The recent New South Wales decision in Alceon Group Pty Ltd v Rose [2015] NSWSC 686 considered the quality of the legal advice provided to a guarantor and the enforceability of the guarantee provided by that guarantor.


The plaintiff advanced $23,000,000 to Quadwest Development Pty Ltd (Quadwest) of which Christopher Rose was the director and secretary. The plaintiff required that Quadwest provide, amongst other things, a supported third party guarantee to secure the repayment of the facility. Christopher Rose arranged for his parents (Mr & Mrs Rose) to provide the required third party guarantees for $2,000,000 supported by a mortgage over their family home.

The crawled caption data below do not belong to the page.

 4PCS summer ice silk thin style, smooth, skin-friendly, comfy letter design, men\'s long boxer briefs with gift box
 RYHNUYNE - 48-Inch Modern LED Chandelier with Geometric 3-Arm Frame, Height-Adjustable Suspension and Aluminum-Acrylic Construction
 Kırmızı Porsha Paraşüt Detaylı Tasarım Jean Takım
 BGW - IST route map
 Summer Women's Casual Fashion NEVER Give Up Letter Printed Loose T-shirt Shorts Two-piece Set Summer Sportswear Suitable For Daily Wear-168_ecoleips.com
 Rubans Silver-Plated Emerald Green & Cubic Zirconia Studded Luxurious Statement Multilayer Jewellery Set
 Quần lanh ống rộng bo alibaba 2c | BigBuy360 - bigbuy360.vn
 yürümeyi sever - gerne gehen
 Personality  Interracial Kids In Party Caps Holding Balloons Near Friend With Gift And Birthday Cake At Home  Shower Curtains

The plaintiff also required Mr & Mrs Rose to obtain independent legal advice prior to signing the guarantees and to execute, amongst other things, a Declaration (as to receipt of independent legal advice).

Quadwest’s solicitor had a brief telephone conversation with Christopher Rose, Mr & Mrs Rose in which he informed them:

“If Quadwest does not comply with its obligations, [the plaintiff] may under the guarantee issue a demand to you up to an amount of $2 million. If this is not paid then [the plainfiff] may exercise the rights as a mortgagee against the mortgaged property (namely the family home). These rights include the ability to sell the property.”

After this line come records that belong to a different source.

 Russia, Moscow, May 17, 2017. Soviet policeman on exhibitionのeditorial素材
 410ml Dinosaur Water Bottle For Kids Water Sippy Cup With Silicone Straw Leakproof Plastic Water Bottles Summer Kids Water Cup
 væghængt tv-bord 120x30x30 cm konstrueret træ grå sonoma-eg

The Borrower effectively defaulted on the facility and the plaintiff sought to enforce its security. Both Mr & Mrs Rose argued that the guarantees were unenforceable. However, only Mrs Rose was successful.


The court found in Mrs Rose’s favour due to, amongst other things, the plaintiff’s knowledge that Quadwest’s solicitor was not impartial in the transaction and was unable to provide Mrs Rose with independent legal advice. In fact, the court went as far as to say that the plaintiff’s “express statement that “the advice need only be brief”, and independent only of” the plaintiff shows that the plaintiff “had no reason to believe that advice of the requisite standard was given” to Mrs Rose.

The court went on to say that the plaintiff “encouraged Quadwest to procure [its solicitor] to give the advice to Mrs Rose, fully aware that [its solicitor] was the solicitor for Quadwest, knew its dire financial position, knew the financially severe terms of the arrangement [the plaintiff] was offering, and must therefore have been cognisant of the very high degree of risk associated with [the] arrangement.”

The guarantee was enforceable against Mr Rose as the court found that he “was an experienced businessman; he was involved in the Quadwest project; he was aware of the financial position of Quadwest; and he was aware of the potential consequences of the Guarantee and the Mortgage.”


The decision demonstrates that lenders cannot just tick the required ‘independent legal advice’ box when obtaining guarantees but must consider the quality and effect of the advice being provided to a guarantor if they want to enforce a guarantee.